▶ **WHAT YOU WILL DO**: Transcribe all the lines below exactly. Omit the pictures.

▶ **EXERCISE DATA**:
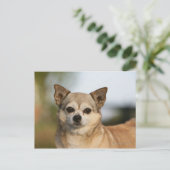 Chihuahua Headshot Briefkaart (Staand voorkant)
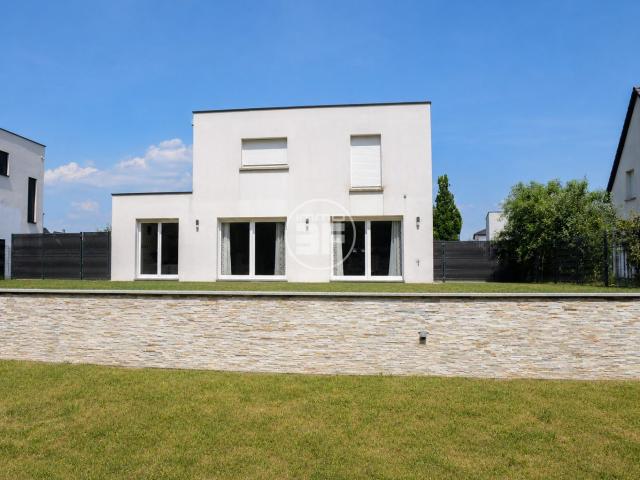 Maison location à Deerlijk, West-Vlaanderen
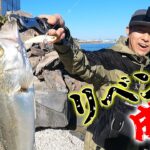 有明海シーバス釣行リベンジで約束の…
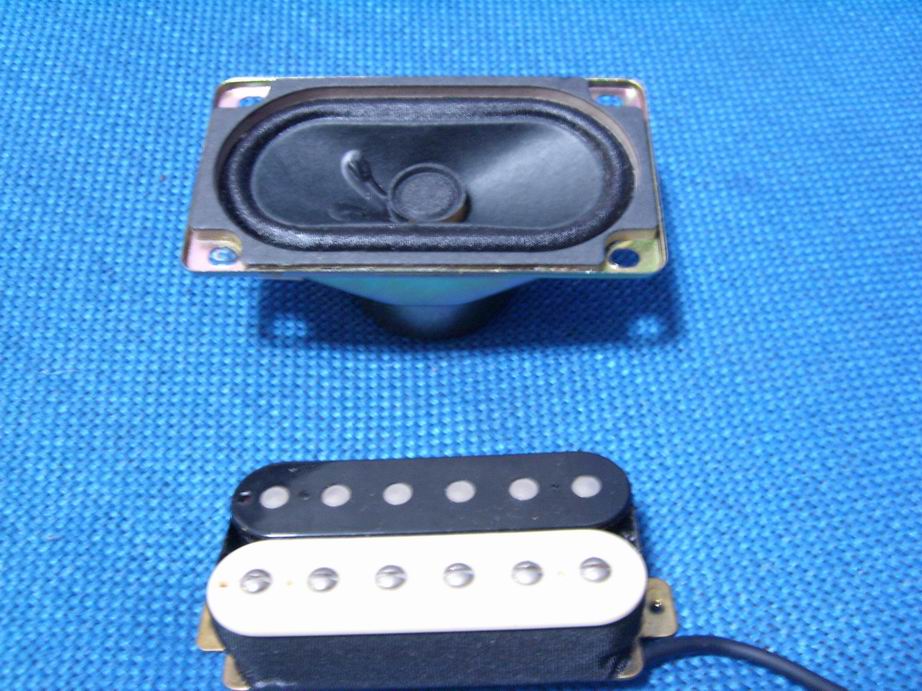 SL270088.JPG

▶ **WRITTEN ANSWER**:
 Chihuahua Headshot Briefkaart (Staand voorkant)
 Maison location à Deerlijk, West-Vlaanderen
 有明海シーバス釣行リベンジで約束の…
 SL270088.JPG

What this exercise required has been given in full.